WHAT TO PRODUCE: Copy word for word the line containing "BOATZON | Formula" together with all lines following it to the end of the listing below, without the pictures.

SOURCE DATA:

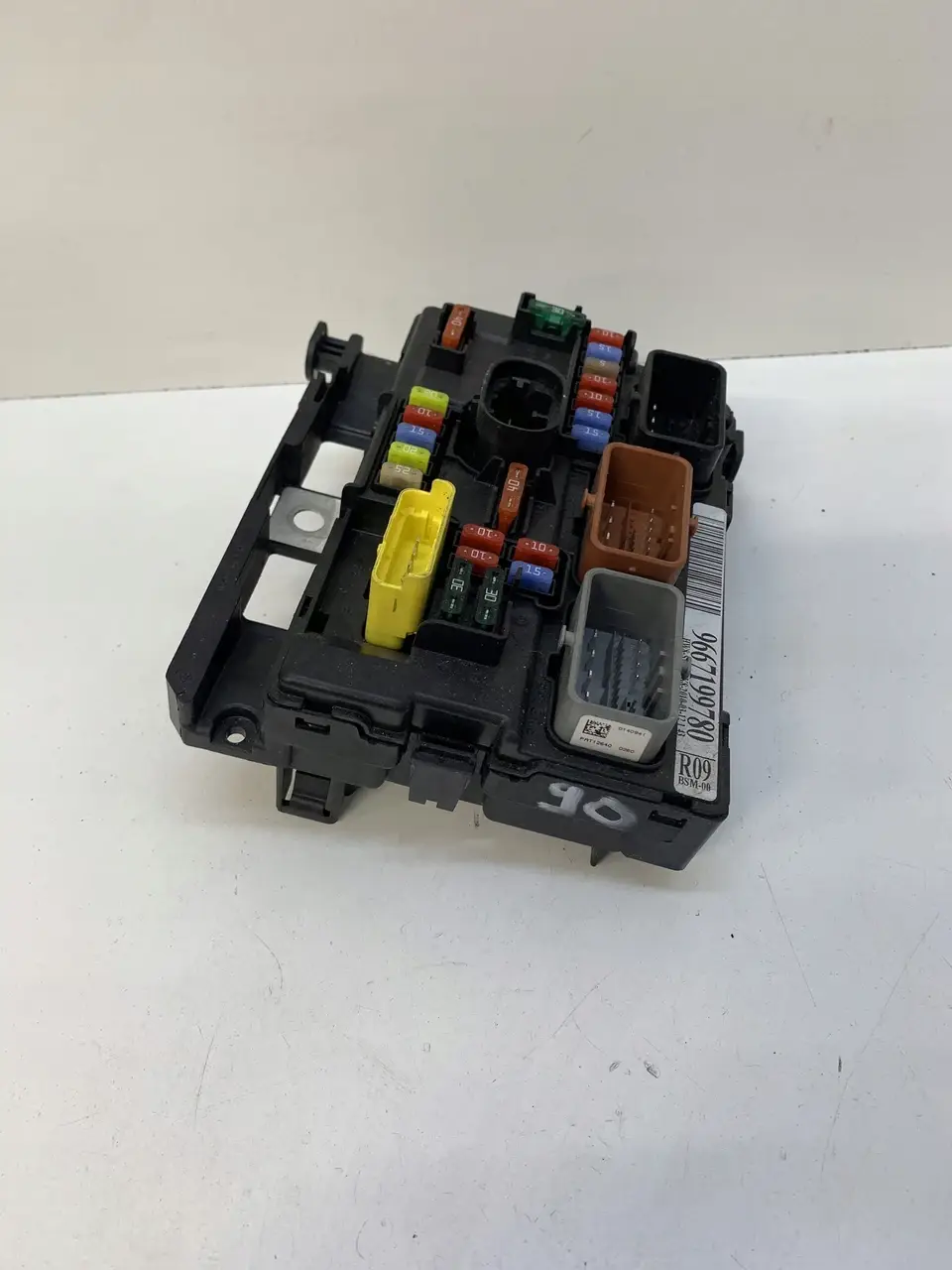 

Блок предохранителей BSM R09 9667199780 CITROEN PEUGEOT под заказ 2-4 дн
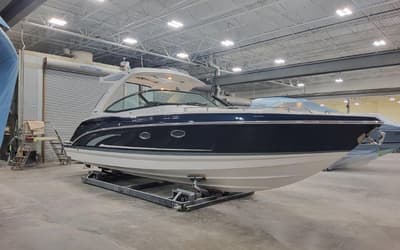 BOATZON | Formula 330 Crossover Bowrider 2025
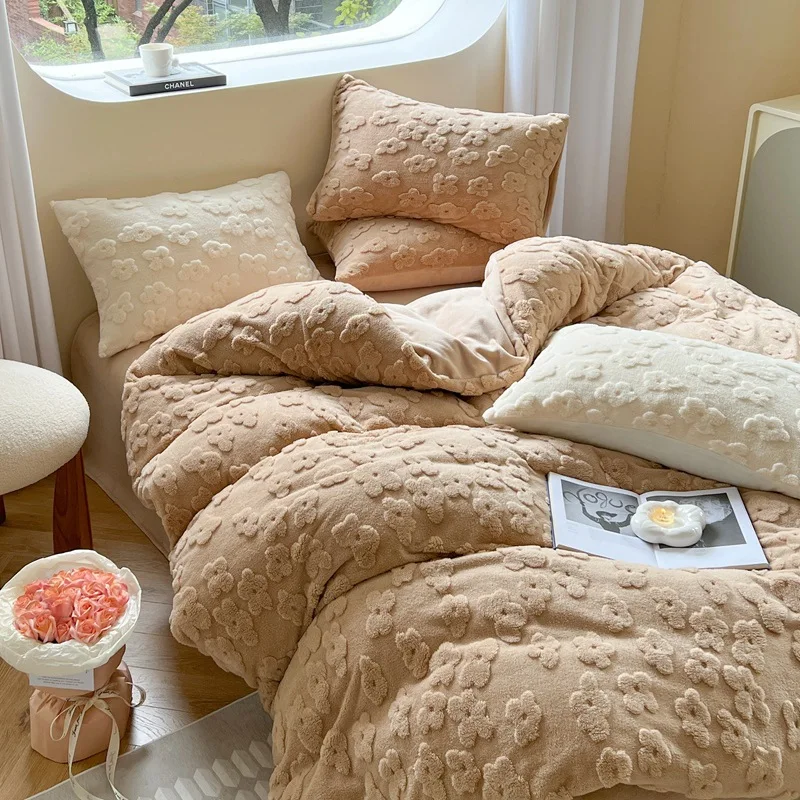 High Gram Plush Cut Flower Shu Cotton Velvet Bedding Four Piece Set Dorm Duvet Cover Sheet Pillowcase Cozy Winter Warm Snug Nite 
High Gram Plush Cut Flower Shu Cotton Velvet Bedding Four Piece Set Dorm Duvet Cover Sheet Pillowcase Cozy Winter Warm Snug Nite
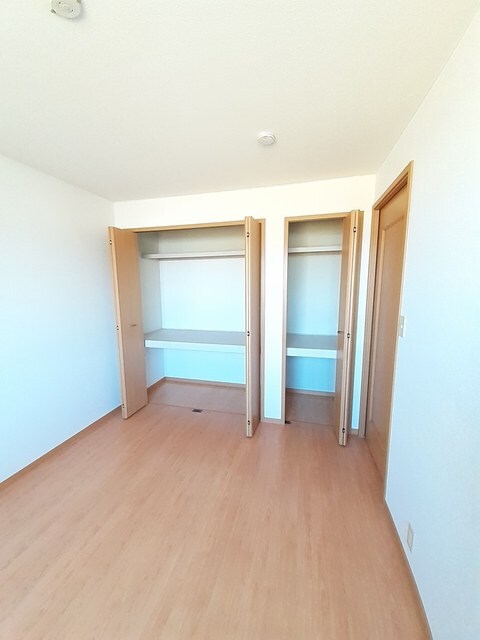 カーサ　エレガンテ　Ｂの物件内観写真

REPLY TO THE TASK:
 BOATZON | Formula 330 Crossover Bowrider 2025
 High Gram Plush Cut Flower Shu Cotton Velvet Bedding Four Piece Set Dorm Duvet Cover Sheet Pillowcase Cozy Winter Warm Snug Nite 
High Gram Plush Cut Flower Shu Cotton Velvet Bedding Four Piece Set Dorm Duvet Cover Sheet Pillowcase Cozy Winter Warm Snug Nite
 カーサ　エレガンテ　Ｂの物件内観写真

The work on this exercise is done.